The Seldon Scene - After Midnight (1981)

After Midnight might be the best Seldom Scene album of the Phil Rosenthal era (1977-1986). It was the third to feature Phil as lead singer and guitarist and while I prefer John Starling as front man for the Scene, I think Phil is a better guitar player. All of the musicians shine on this album, but it’s Mike Auldridge and John Duffey who impress me the most. Mike absolutely nails Benny Goodman’s “Stompin at the Savoy,” redefining it as a dobro instrumental and Duffey’s unconventional mandolin breaks are always a delight. After Midnight is one of the Seldom Scene’s more pop-friendly releases, featuring not one, but two Eric Clapton hits, “Lay Down Sally” and J.J. Cale’s “After Midnight.” Both these songs work surprisingly well in a bluegrass context and they were frequent crowd pleasers in live performance.

Listening to this album now, the track that really hits me is “The Border Incident,” also known as “Spanish is the Loving Tongue.” John Duffey sings lead on this quiet, beautiful song and it’s really nice to hear him sing the verses so softly and then wail out the tenor harmony like no one else could on the chorus. John Duffey was a one-in-a-million singer and personality and I really wish he were still around.

While After Midnight may not quite be in the same league as earlier Seldom Scene classics like Old Train and Act II, it’s a thoroughly enjoyable album and I really enjoyed revisiting it for this review.
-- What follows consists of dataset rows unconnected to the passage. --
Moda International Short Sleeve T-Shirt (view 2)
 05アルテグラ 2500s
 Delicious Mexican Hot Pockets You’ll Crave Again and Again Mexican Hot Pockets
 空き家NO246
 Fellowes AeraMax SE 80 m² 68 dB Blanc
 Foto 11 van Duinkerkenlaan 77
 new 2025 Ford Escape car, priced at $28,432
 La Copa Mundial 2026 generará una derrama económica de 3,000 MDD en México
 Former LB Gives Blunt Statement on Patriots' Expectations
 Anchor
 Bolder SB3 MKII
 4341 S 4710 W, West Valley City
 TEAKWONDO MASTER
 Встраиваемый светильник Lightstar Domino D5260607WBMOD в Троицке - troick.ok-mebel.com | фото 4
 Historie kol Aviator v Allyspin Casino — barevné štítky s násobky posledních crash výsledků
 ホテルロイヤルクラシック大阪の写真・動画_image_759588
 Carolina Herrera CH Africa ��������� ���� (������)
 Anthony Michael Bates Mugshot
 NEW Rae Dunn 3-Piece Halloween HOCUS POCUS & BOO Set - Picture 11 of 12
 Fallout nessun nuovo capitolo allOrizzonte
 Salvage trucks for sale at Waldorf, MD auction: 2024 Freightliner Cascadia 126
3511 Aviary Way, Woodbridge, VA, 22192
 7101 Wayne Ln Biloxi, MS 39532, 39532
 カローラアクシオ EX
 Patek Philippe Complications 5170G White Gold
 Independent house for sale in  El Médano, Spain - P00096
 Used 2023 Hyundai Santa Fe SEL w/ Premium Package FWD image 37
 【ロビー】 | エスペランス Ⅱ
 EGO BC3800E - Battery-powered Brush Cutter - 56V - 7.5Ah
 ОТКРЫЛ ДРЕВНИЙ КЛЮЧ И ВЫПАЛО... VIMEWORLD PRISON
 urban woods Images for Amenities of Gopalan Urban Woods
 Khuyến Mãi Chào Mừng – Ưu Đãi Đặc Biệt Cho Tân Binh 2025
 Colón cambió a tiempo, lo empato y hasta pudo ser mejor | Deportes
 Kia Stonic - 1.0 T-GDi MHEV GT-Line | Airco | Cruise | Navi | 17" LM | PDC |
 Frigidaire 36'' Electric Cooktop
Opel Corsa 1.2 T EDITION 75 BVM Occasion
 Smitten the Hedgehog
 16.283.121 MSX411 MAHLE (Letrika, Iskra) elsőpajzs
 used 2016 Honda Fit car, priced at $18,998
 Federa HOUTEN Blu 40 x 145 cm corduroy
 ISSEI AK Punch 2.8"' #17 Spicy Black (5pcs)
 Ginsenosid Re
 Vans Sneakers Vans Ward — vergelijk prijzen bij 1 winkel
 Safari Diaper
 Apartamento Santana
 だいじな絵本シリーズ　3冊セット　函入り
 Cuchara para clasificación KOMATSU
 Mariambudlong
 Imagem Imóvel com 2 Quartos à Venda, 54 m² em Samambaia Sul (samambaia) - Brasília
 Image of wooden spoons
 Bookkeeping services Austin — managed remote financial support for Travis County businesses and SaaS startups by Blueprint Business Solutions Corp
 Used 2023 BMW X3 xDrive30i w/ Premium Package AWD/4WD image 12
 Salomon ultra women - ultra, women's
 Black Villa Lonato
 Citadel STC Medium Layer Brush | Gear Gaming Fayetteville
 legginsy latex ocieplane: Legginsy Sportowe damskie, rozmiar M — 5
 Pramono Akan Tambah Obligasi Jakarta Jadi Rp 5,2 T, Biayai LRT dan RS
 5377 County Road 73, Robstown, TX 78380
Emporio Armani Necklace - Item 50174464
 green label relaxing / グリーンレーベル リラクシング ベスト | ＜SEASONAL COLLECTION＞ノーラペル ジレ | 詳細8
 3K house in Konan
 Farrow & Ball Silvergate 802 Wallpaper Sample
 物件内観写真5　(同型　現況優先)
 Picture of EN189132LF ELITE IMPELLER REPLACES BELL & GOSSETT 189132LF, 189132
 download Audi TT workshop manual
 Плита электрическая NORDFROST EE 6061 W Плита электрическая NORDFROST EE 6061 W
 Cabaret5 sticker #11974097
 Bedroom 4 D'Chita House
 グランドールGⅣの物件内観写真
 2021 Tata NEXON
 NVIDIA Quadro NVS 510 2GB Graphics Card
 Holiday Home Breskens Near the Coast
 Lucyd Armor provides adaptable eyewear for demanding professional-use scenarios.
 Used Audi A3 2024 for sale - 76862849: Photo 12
One final comment: The original album cover (top left) was a drawing of the band in blue silhouette. For the CD reissue, Sugar Hill used the actual photograph that the illustrator worked from.

AMG Rating: ***
My Rating: ***1/2

Larry Sparks - Silver Reflections (1988)

The All Music Guide dismisses this underrated, now-classic bluegrass album with the following one-sentence review: "Sparks updates his bluegrass sound for the 1990s on Silver Reflections." This review is inaccurate for two reasons. Number one: this material was recorded in 1986 and 1987, not in the 1990s. Number two: Larry Sparks did not "update" his sound for this album. As you would expect, Larry's soulful singing, his bluesy, unpredictable guitar breaks, and his impeccable rhythm playing are all represented here, and his band (featuring Art Stamper and Glen Duncan on fiddle, Barry Crabtree on banjo, and Tim Sargent on dobro) plays the same type of hard-driving, traditional bluegrass that is present on all of Larry's albums. I think what makes this album stand out is not the updating of Larry's sound, but the uniform strength and freshness of the material. Many of these songs, particularly the Goble/Drumm compositions "Blue Virginia Blue" and "Tennessee 1949," can hold their own standing alongside the works of Bill Monroe and The Stanley Brothers. Don't let the generic cover shot fool you -- Silver Reflections belongs in every bluegrass collection. As an interesting side note, the original album cover showed the reflection of Larry's 1953 Martin D-28 on a glass table (image on right), echoing the album title. Rebel Records cut off the bottom third of the cover when they printed the CD edition (image on left).